Guam Needs Leadership on Buildup

Given last week's Sunday Forum topic, which focused on whether or not people should express their support of the military buildup, we eagerly await a future Sunday Forum that will ask the obvious next question as to whether or not people opposed to the buildup should speak out as well.

Last Sunday's topic coincided with the recent appearance of a new pro-buildup group Para Hita Todu, which is seeking to carve a place for itself in the buildup conversation.The tone of the topic made it seem as if the pro-buildup side of the debate, such as the leaders of Para Hita Todu, have been cowed into silence and become marginalized in the process. In addition to the lack of any semblance of objectivity, it is laughable to think that such captains of industry and influence, with their thousands of employees, millions of dollars and obvious power, who have dominated the discussion of the buildup since it was announced, have somehow been silenced and need to be given a special space to make their case.

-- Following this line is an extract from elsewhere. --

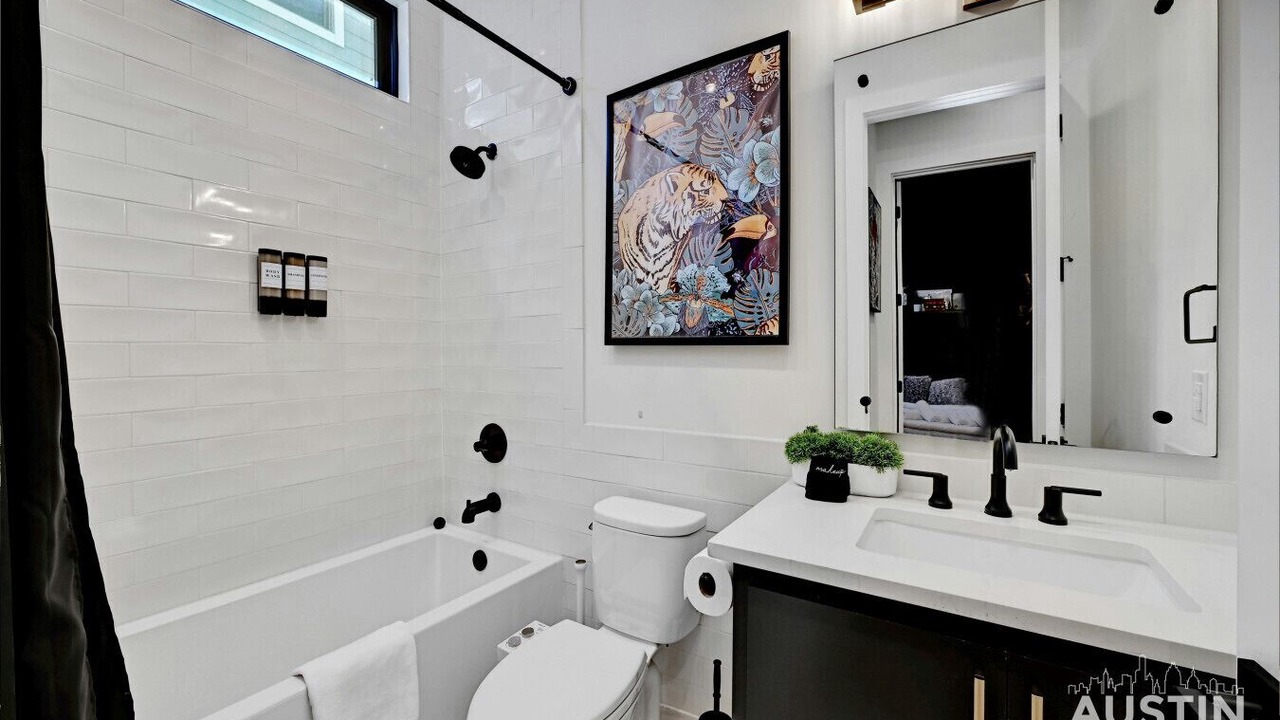 Photo of Bathroom in Holly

For years, the people of Guam were fed a steady stream of fantasies and wishful thinking about the buildup. Before people even knew what it was, while it was just numbers in press releases, people made promises of billions of dollars, better futures and jobs for everyone, without any specifics. But those days are over and the people of Guam have come to a point where we don't crave promises or platitudes about the buildup, but want answers and solutions to either the problem it represents in and of itself, or the problems that will arise because of it.

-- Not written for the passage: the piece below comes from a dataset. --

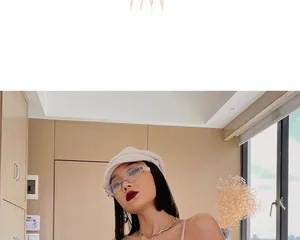 Détail de soutien-gorge en dentelle rose clair à fines bretelles et motifs cœurs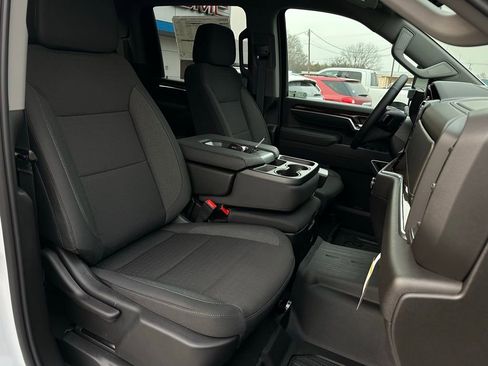 New 2026 GMC Sierra 2500 SLE w/ SLE Value Package; image 15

This is the sign of a maturing community; one which does not want to be lied to, but wants to be informed and wants to be able to make their own decisions.

What Guam needs now is leadership on the buildup issue, and this is something that as of yet Para Hita Todu is not offering. Their recently released study showing 60 percent buildup support in the community is a perfect example of this. They refuse to address the valid concerns of our community. Instead they have polarized the issue, making it just about who does or does not support the buildup, and not about why our community is apprehensive in the first place.

Proponents of the buildup have long attempted to substitute support for the buildup with a judgment that the buildup is good for Guam. Polls conducted over the years have always showed various high levels of "support" for the buildup, but this bears no relation to whether or not it is a good thing for the island.

The EIS gave the people of Guam answers about what the buildup might bring and much of it was bad. Thus, if Para Hita Todu wishes to blow the kulo' of buildup awesomeness, it must be able to tackle the legitimate concerns that people have about everything from Pågat, traffic, public institution overcrowding, environmental damage, a higher cost of living, and the list goes on.

From what we have seen so far, they are unwilling or unable to do so and have rebuffed these concerns with whimsical remarks of such things "being taken care of." The concerns of the people of Guam were kept at bay with such language for years and it did us little good.

Now that the military has revealed its plans and we know the potential impact, it does us even less good to ignore them. We need to continue to take a serious look at the buildup plans and address the valid concerns our community raised during the draft EIS commenting period, many of which are still being avoided by those orchestrating the buildup.

Para Hita Todu's inability to make a solid argument for the buildup is not truly their fault, but most likely tied to the inherent fact that the buildup has always been a potential boon for some and a possible burden for most. There are those who may reap incredible rewards from the buildup. They are the ones who are already at the top of Guam's society and have the means to leverage their already abundant resources into possibly much more resources.

For the majority of Guam's people, however, the opportunities are mixed, to say the least. The EIS said as much, by indicating that the quality of life on Guam may take a significant hit and the responses to these cautions from the pro-buildup side always boil down to vague promises of more money to take care of everything.

Yet when asked what kinds of jobs will be offered, what wages people will receive, who will get the big buildup contracts, how the government will pay for the necessary infrastructure and public service upgrades, how our island's middle- and lower-class families will be able to afford the increasing cost of living because of the buildup, those saying the economy will simply improve have no concrete answers.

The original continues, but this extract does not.